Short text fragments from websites

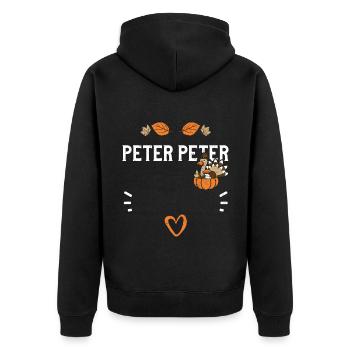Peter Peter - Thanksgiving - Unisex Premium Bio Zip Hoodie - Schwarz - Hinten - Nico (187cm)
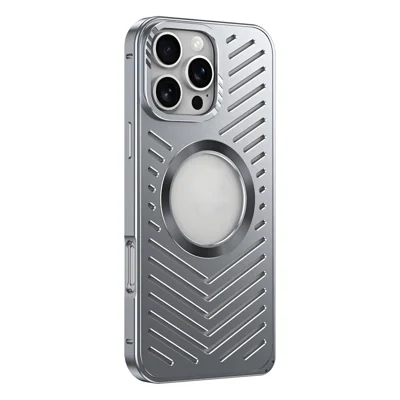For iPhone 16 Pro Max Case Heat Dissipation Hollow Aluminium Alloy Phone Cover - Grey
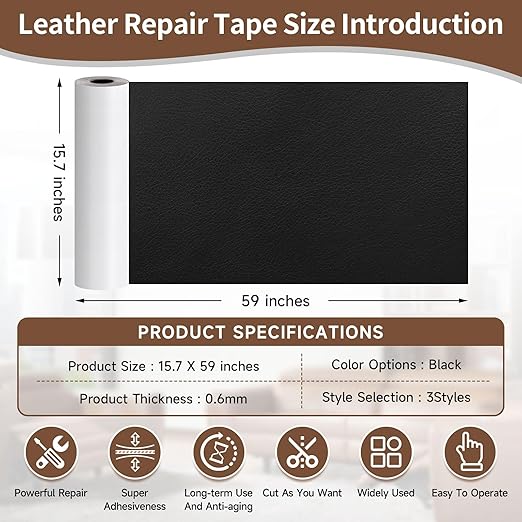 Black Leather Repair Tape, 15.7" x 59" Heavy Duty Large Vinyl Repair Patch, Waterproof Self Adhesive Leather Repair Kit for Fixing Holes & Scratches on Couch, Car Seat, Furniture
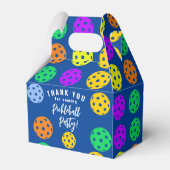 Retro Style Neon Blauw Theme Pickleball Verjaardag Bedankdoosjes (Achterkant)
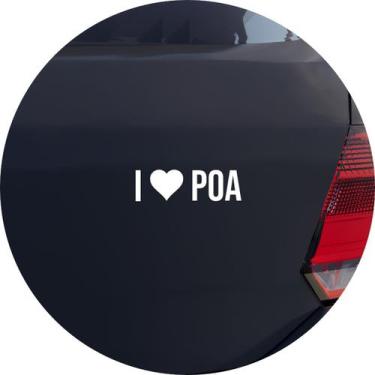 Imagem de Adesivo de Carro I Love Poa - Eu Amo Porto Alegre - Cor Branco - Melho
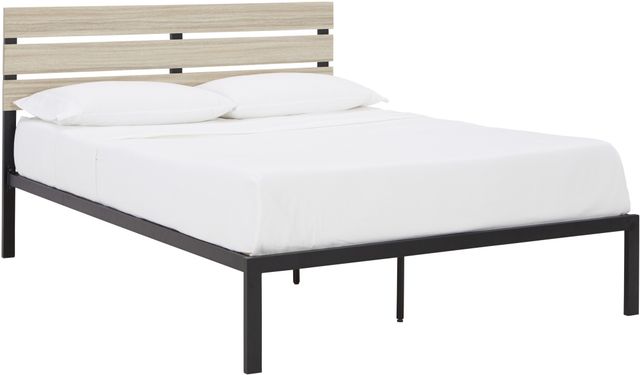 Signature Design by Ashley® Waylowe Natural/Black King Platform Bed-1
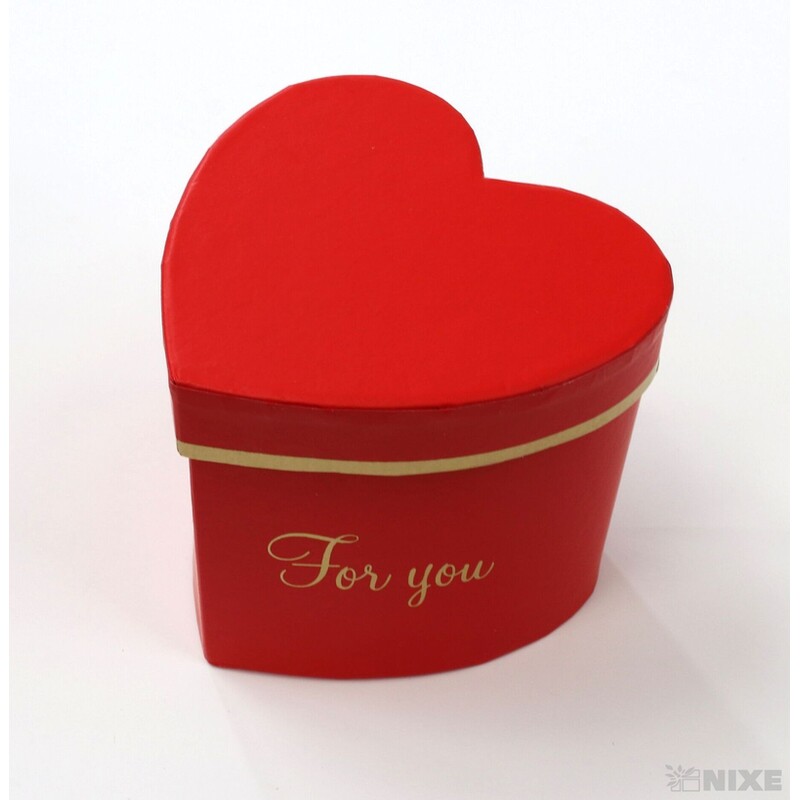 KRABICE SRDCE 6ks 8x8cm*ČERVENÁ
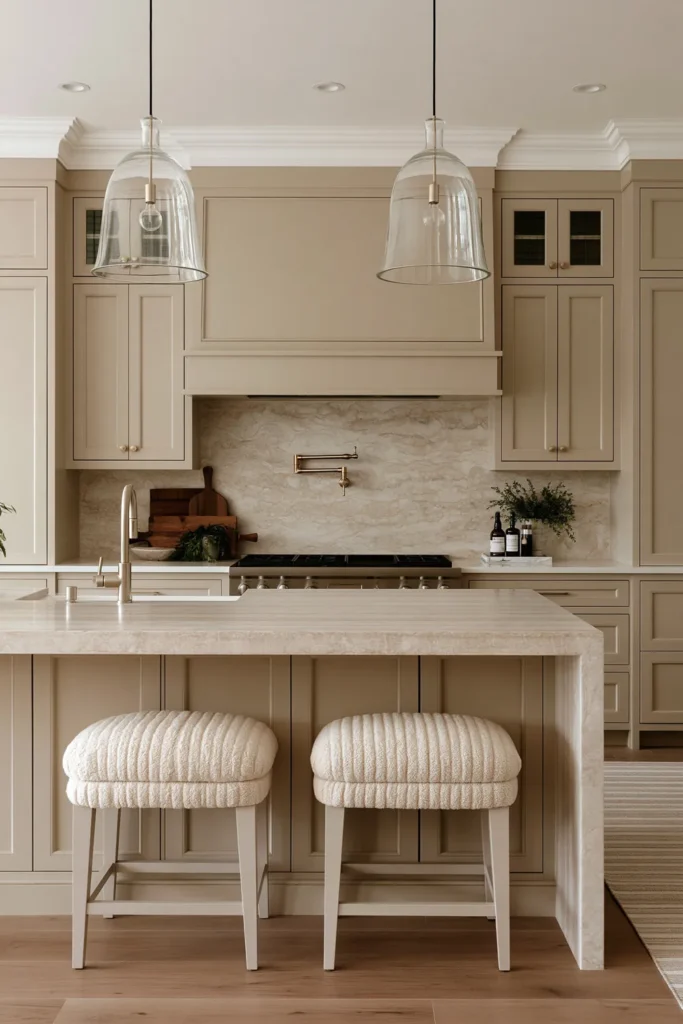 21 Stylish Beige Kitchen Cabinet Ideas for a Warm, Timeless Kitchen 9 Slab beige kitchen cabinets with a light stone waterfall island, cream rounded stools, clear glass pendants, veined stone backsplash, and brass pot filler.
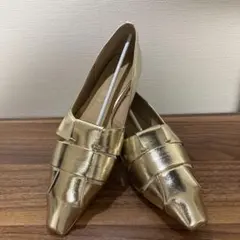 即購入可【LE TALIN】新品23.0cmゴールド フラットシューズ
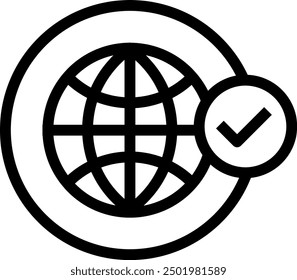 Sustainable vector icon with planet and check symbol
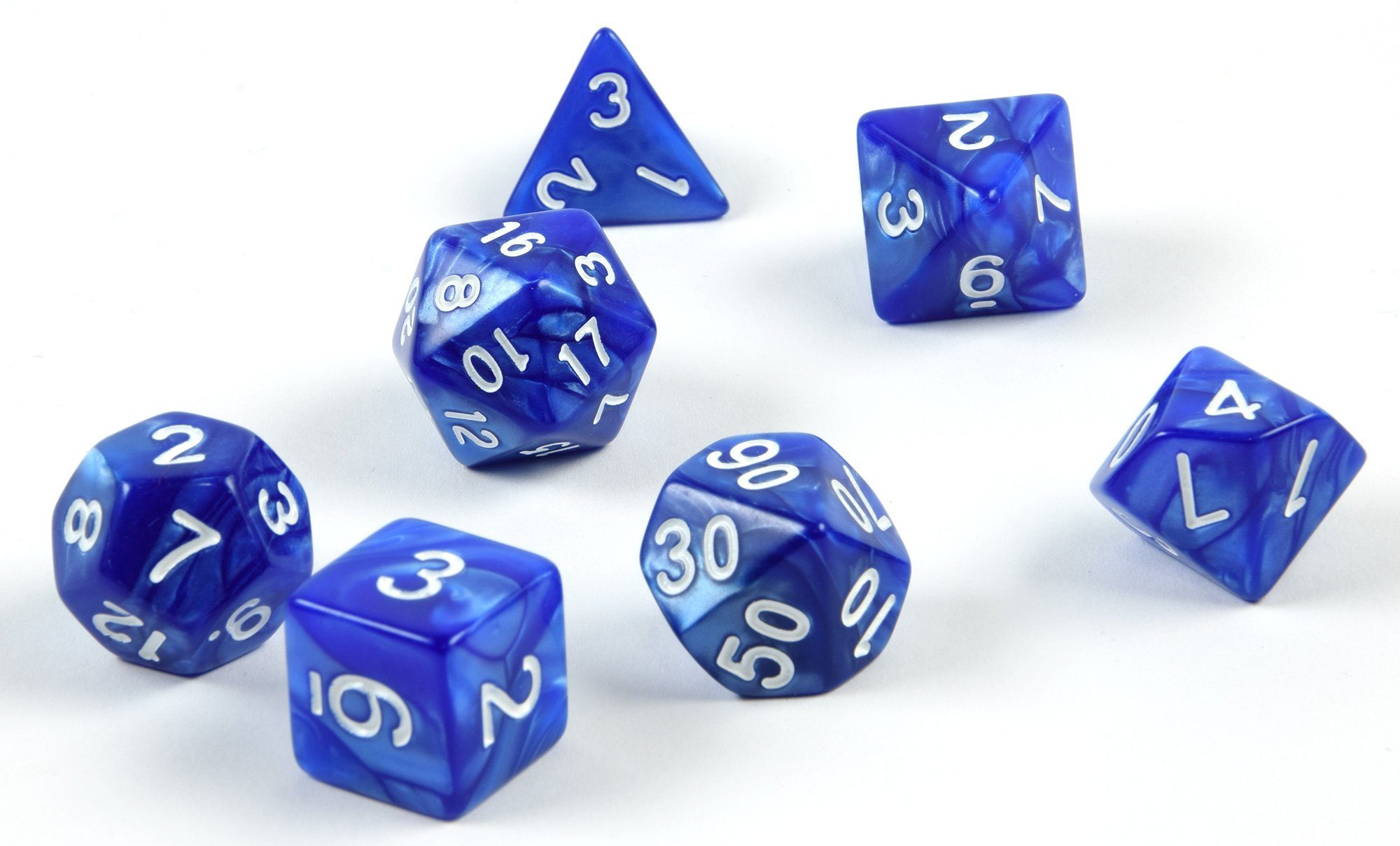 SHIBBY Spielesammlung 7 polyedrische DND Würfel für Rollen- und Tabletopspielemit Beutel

# YOUR OBJECTIVE
Once the line containing "KRABICE SRDCE 6ks 8x8cm*ČERVENÁ" is found in the records above, it and every line after it up to the last must be repeated exactly, without pictures.

# FINAL ANSWER
 KRABICE SRDCE 6ks 8x8cm*ČERVENÁ
 21 Stylish Beige Kitchen Cabinet Ideas for a Warm, Timeless Kitchen 9 Slab beige kitchen cabinets with a light stone waterfall island, cream rounded stools, clear glass pendants, veined stone backsplash, and brass pot filler.
 即購入可【LE TALIN】新品23.0cmゴールド フラットシューズ
 Sustainable vector icon with planet and check symbol
 SHIBBY Spielesammlung 7 polyedrische DND Würfel für Rollen- und Tabletopspielemit Beutel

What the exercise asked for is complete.